Friday, July 6, 2012

Home


It was nice being by the office yesterday. It’s an extremely big office, about the size of my apartment, and it feels like home. All the girls have to do is answer the phone, and keep track of calls, so it’s set up for comfort. There’s a big couch and a big tv, and an elipitcle

Leslie was working. She’s a sweetheart. Both her and her mom answer the phone, which I think is a little weird, but who am I to judge. I love her mom even more. A couple months ago, she called me by accident while I was home sick in bed, and it was like getting a call from my own mom. She treats all the girls like her baby.

Having been back there, I feel a lot better about this whole decision. I told her how I was honestly feeling. I told her I don’t want to be taking regulars. The thing is though, the more regulars you get, the more generals (call-ins) you get. Regulars are business that you are bringing in yourself and the agency wants to reward you for that. That’s why they have set up this system. However, I don’t like seeing the same people twice. I don’t want to get to know them. I don’t want to build a relationship with them. I’m hoping to just work off generals. It may or may not work. I’m going to play it by my own rules though. If I don’t want to see someone again, I’m not going to see them again.

It’s been six months and Leslie said that Mr. Texas still calls me every weekend. I don’t know what I’m going to do about that. It’s sweet! After six months, he hasn’t given up on me. That’s really cute. He is seeing another girl, and Leslie said that she too is getting quite sick of him. She asked the other girl what his deal was.
            “Should he be put in the black book? Why do you guys want to stop seeing him?”
            He is not violent at all. He’s a sweetheart. He’s just annoying! He thinks it’s a real relationship. He misses you, and he wishes he could see you more, and he doesn’t want you to goooo…  Sometimes it’s just a bit much to deal with. It’s kinda sweet that he still asks for me though.

            I’m contemplating using a different name. I have new photos, that don’t show my face. I can just create a new identity. He never needs to know that I am back. He’s easy money though. I would also up my rates for him to be GFE all the time.

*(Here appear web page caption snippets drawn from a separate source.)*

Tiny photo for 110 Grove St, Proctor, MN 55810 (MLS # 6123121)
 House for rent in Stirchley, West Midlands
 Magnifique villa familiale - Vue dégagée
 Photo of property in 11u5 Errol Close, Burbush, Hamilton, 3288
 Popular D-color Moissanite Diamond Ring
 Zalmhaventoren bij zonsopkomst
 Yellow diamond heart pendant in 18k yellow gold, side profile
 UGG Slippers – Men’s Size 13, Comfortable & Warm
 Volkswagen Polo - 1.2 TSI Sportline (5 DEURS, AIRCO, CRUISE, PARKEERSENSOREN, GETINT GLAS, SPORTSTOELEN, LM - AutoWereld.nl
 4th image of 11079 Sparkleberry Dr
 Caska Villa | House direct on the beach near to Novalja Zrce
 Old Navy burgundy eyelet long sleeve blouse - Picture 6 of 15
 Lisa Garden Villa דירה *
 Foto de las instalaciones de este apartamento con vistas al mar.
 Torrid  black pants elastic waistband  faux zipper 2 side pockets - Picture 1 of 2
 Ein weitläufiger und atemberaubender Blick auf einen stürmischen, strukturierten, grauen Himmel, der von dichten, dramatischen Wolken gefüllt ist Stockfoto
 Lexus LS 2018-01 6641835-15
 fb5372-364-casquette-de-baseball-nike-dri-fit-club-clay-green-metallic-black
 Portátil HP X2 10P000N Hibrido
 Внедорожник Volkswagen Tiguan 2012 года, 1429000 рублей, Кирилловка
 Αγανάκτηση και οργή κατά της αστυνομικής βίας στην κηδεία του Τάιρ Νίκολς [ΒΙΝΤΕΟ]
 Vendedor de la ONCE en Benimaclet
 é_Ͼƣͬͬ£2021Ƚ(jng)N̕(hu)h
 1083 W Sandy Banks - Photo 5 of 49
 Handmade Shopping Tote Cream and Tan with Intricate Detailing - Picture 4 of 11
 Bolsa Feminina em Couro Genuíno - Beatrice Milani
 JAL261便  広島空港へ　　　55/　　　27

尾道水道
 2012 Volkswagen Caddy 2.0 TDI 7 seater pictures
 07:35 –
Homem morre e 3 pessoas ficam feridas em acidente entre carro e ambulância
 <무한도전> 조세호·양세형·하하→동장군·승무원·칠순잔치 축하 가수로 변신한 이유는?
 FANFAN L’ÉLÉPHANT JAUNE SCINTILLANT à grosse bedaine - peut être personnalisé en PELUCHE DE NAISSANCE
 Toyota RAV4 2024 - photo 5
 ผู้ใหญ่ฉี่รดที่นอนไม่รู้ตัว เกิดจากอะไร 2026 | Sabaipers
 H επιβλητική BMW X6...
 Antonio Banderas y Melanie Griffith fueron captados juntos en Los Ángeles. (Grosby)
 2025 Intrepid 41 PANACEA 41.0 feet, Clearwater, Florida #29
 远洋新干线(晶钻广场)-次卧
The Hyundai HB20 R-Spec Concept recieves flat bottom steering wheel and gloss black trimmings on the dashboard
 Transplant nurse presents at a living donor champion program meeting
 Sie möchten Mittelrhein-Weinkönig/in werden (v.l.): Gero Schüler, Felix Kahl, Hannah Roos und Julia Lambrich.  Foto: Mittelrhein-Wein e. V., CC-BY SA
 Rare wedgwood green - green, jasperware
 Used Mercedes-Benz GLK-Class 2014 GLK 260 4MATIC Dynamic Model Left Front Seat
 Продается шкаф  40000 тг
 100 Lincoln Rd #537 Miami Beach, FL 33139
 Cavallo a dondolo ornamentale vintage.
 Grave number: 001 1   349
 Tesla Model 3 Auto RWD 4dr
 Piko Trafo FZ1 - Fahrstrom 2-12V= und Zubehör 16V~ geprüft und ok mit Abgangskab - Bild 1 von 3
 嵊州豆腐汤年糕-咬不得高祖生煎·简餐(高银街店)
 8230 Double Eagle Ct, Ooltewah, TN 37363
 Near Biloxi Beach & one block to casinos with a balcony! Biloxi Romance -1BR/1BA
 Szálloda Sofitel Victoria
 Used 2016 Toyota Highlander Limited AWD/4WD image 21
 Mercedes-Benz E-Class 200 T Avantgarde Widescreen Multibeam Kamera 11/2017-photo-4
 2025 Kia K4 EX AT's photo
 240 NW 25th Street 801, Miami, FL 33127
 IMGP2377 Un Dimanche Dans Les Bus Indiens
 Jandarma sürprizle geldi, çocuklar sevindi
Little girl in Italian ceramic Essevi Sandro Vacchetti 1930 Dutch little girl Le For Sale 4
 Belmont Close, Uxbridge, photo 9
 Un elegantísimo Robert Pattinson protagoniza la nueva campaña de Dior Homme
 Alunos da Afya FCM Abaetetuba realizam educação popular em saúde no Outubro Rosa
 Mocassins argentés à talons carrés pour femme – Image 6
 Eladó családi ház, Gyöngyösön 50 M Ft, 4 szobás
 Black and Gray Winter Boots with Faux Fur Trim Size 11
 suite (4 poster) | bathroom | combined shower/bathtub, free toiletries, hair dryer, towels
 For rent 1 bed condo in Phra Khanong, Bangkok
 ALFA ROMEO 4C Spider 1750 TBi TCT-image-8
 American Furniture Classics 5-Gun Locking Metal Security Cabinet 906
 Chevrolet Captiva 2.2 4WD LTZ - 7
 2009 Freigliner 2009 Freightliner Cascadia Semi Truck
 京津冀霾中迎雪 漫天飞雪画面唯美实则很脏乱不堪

            There’s also a new higher end agency that my boss is starting. The starting rates are 30% more than what I would be making now. You only get to work for this agency if you have +10 call backs a month. She wants to ensure these girls are pulling their weight, and are of higher calibre. There’s another incentive for me to get the call backs. However, I don’t even know if I’m going to be doing ten calls a month, let alone ten call backs.

            I clearly have not planned this out a ton, but I’m ok with that. I’m not a planner, I’m a jumper. Usually I plan things out, I will discover that it’s not possible. My life experience has shown me that there is always a way. I don’t plan. I just do.